Cascades: every child → parent FK is ON DELETE CASCADE except the two author / actor links into users, which use SET NULL so translations and activity rows outlive the user who created them.

Hot-path indexes added in V3:

  • idx_keys_project, idx_keys_namespace, idx_keys_state — list + filter by namespace and lifecycle state.
  • idx_translations_key, idx_translations_state — per-key fan-out + state filter.
  • idx_key_activity_key, idx_key_activity_created — the per-key timeline renders newest-first.
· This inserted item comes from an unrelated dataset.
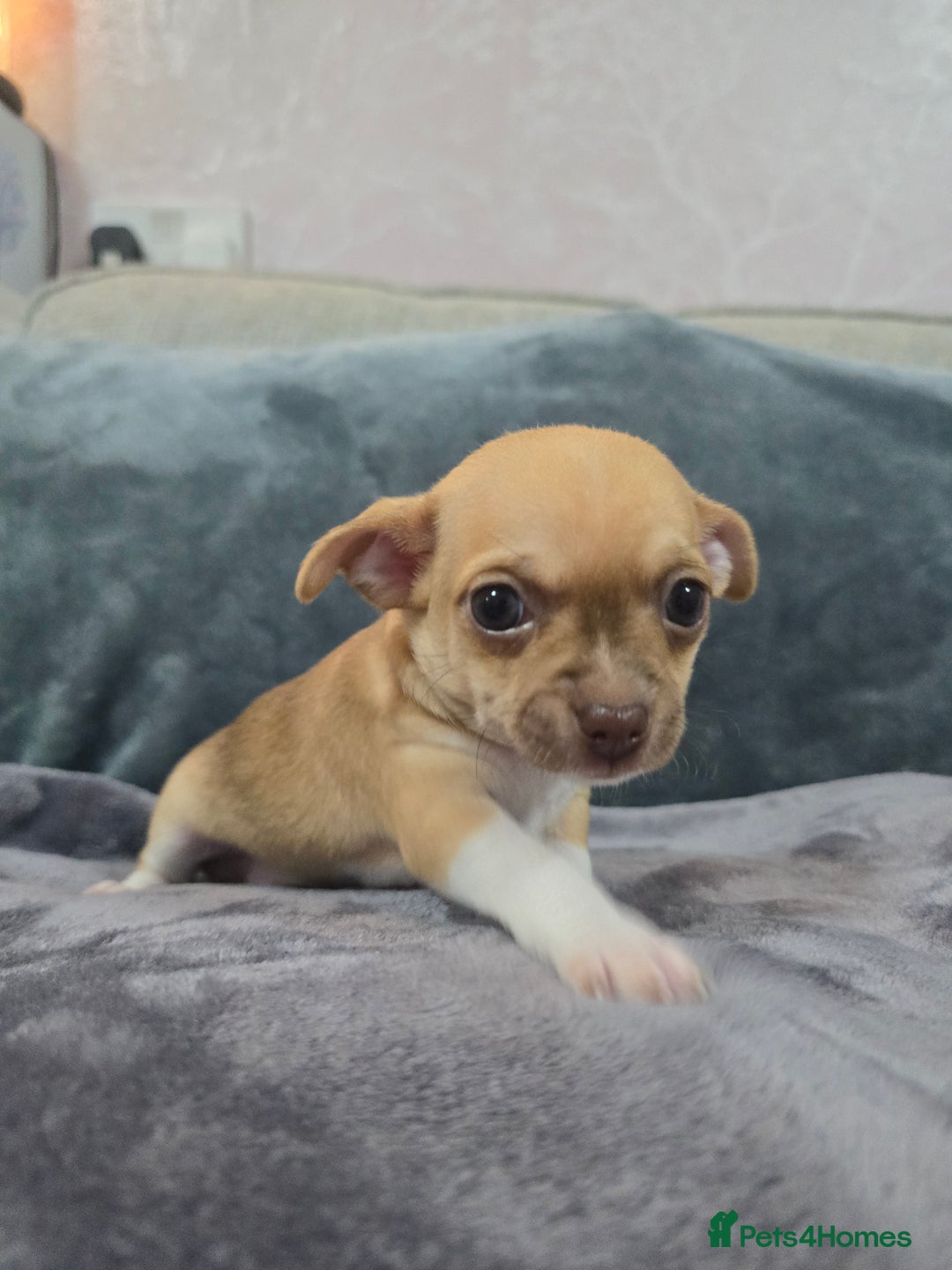 Chihuahua dogs for sale: Chihuahua pedigree pups. Not KC. - Image 23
The state-machine rationale lives in ADR 0002.

V4 — search index layer

V4__keys_fts_trigram.sql layers the search infrastructure on top of V3. It’s index-only — no new tables, no data model change:

  • Enables CREATE EXTENSION pg_trgm (ships with Postgres 16 core).
  • Adds a generated keys.search_vector column of type tsvector. Populated from key_name (both as-is and with [._-]+ runs replaced by spaces so identifier-style names tokenise segment-by-segment) plus description. GENERATED ALWAYS ... STORED keeps it in lock-step with its source columns without a trigger.
  • idx_keys_search_vector — GIN index on the generated vector, powers the primary FTS path.
  • idx_translations_value_trgm — GIN index with gin_trgm_ops on translations.value, powers the trigram fallback for fuzzy substring search over translation bodies.

The 'simple' text-search configuration gives up English-aware stemming on purpose — Translately is multilingual and callers search for identifier-like strings where stemming loses precision. A future migration can introduce a per-column language-specific configuration if the UX calls for it. See ADR 0003 and the search architecture page for the full rationale.

Future migrations

Phase 3 adds import_jobs / export_jobs. Phase 4 adds translation memory, budgets, per-provider audit rows. The ID and naming conventions above are inviolate across all of them.

See .kiro/steering/architecture.md for the operational guardrails (forward-only migrations, no destructive changes without a deprecation window).